Votre projet est donc de créer les conditions de déploiement de ce marché : quelles sont-elles ?

AA. Une première condition, qui peut sembler triviale mais qui n'est pourtant pas remplie aujourd’hui, est l'existence d'un lieu d’échange. Le fournisseur de données ne sait pas forcément à qui les vendre, au-delà de sa clientèle habituelle, et l’utilisateur ne sait pas où aller les chercher.

La place de marché que nous allons créer répond en premier lieu à cela. Comme on l’a compris, c’est un lieu d’échange entre fournisseurs et utilisateurs de données. Elle comporte une plateforme transactionnelle SaaS [software as a service] et un média en ligne, où seront publiés des cas d’usage, des points de vue d’experts, et des articles rendant compte de résultats d’étude et de recherche interprétant des données.

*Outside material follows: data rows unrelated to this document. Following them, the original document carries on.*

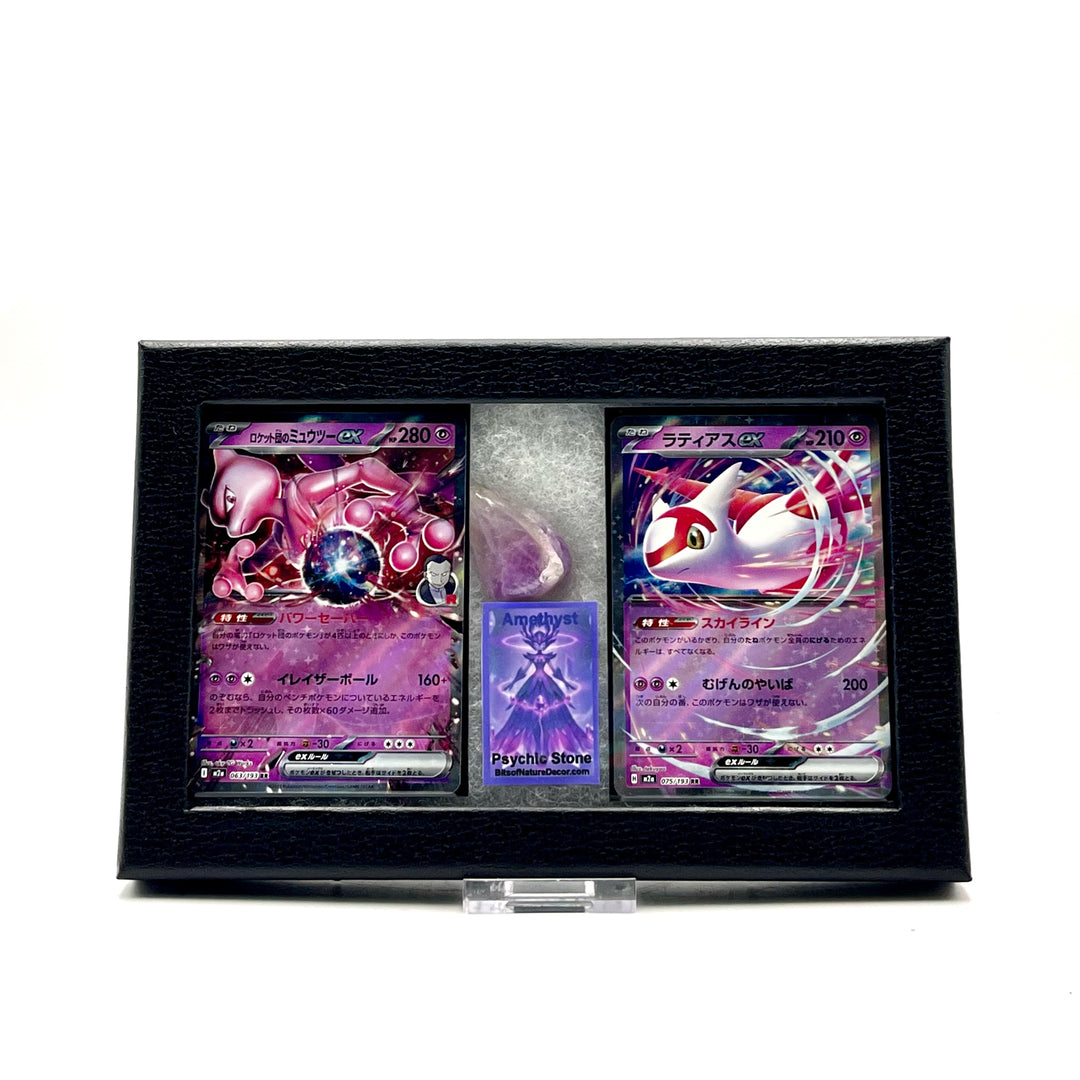 Two Japanese Pokemon trading cards featuring Mewtwo and Latias in a black display case on a white background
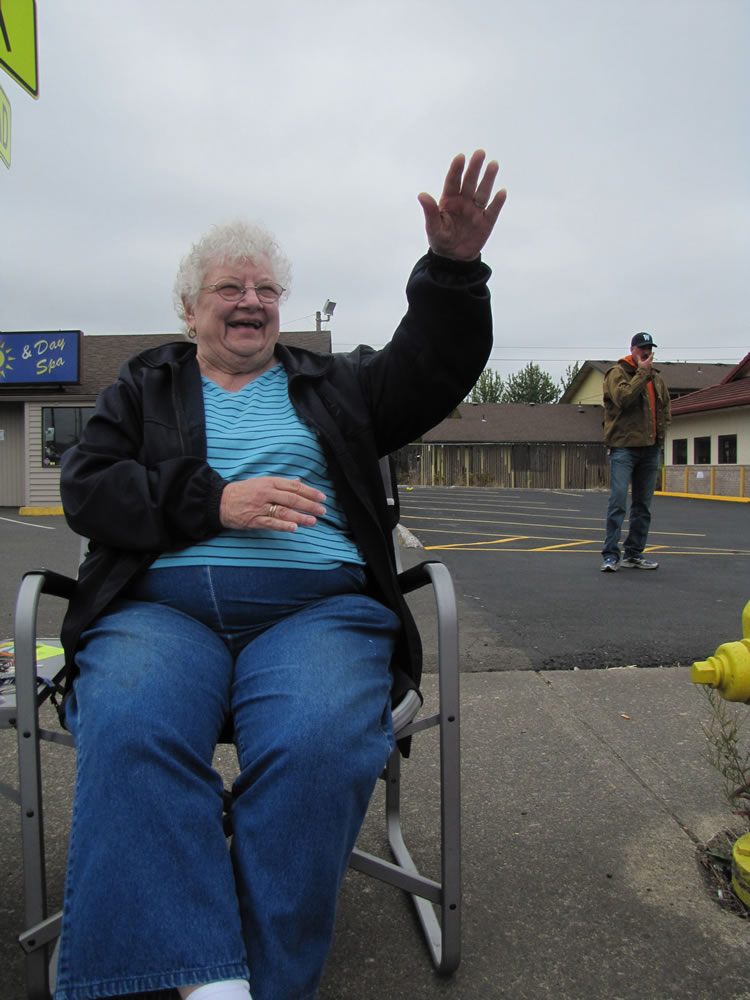 Stefanie Donahue/The Columbian 
 Jo Wright waves to Harvest Days parade participants on Saturday. Wright enjoys parades and has attended more than 50 as she travelled across the country, she said.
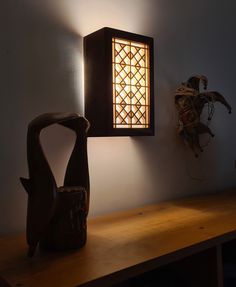 a lamp that is on the side of a wall next to a vase with a bird in it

Il y a par ailleurs des conditions techniques à remplir. Du côté du fournisseur, il faut pouvoir rendre son offre de données propre à la consommation, ce qui renvoie à des référentiels que nous voulons contribuer à faire émerger. Il faut aussi que les jeux de données soient juridiquement compatibles avec les textes en vigueur, notamment le DGA auquel je faisais référence plus haut. Du côté de l’utilisateur, se posent aussi des questions techniques et juridiques, puisqu'il devra verser ses données dans son propre système d’information ou dans ses solutions digitales. La plateforme transactionnelle, en définissant les règles applicables aux produits vendus et aux contrats passés par son intermédiaire, va de facto aider à créer des standards et à structurer le marché.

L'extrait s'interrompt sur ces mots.